Академик И. П. Павлов на личные средства содержал лаборанта в физиологической лаборатории. И. П. Бородин и М. С. Воронин вынуждены были на свои деньги основать первую биологическую станцию на Валдае для изучения растительности пресноводных водоемов. Так же поступил С. Н. Скадовский, когда возникла потребность создать гидрофизиологическую станцию в Звенигороде.
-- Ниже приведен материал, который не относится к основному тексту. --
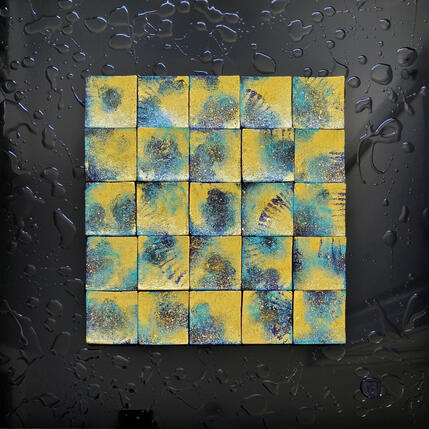 Gemälde Splash von Bauquel Véronique | Gemälde Abstrakt Collage Minimalistisch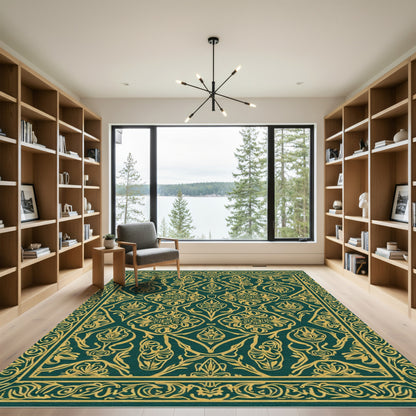 Emerald Gold Ornate Floral Vine Rug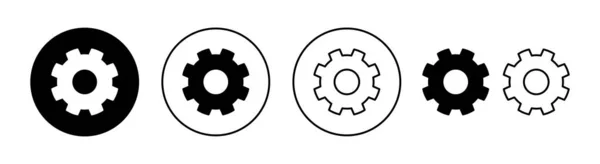 为Web和移动应用程序设置Icon集 曲柄设置符号和符号 齿轮标志 — 图库矢量图片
Инициатива ученых сплошь и рядом натыкалась на бесконечные препятствия. Министр Кассо в Государственной думе провалил после бурных дебатов предложение науки развернуть работы по добыче и исследованию радия. Правительство отказало КЕПС и в отпуске кредита на освоение месторождения вольфрама, хотя речь шла о грошах. Узнав об этом, академик А. Н. Крылов вскипел:
— Этому безобразию должен быть, положен конец. Но ничего, скоро к черту полетит вся царская семья и великие князья, которые захватили вольфрамовые месторождения Забайкалья! Вот… — и он вынул из кармана 500 рублей на обследование кавказских месторождений редких металлов, необходимых для спасения армии, погибающей от отсутствия снарядов.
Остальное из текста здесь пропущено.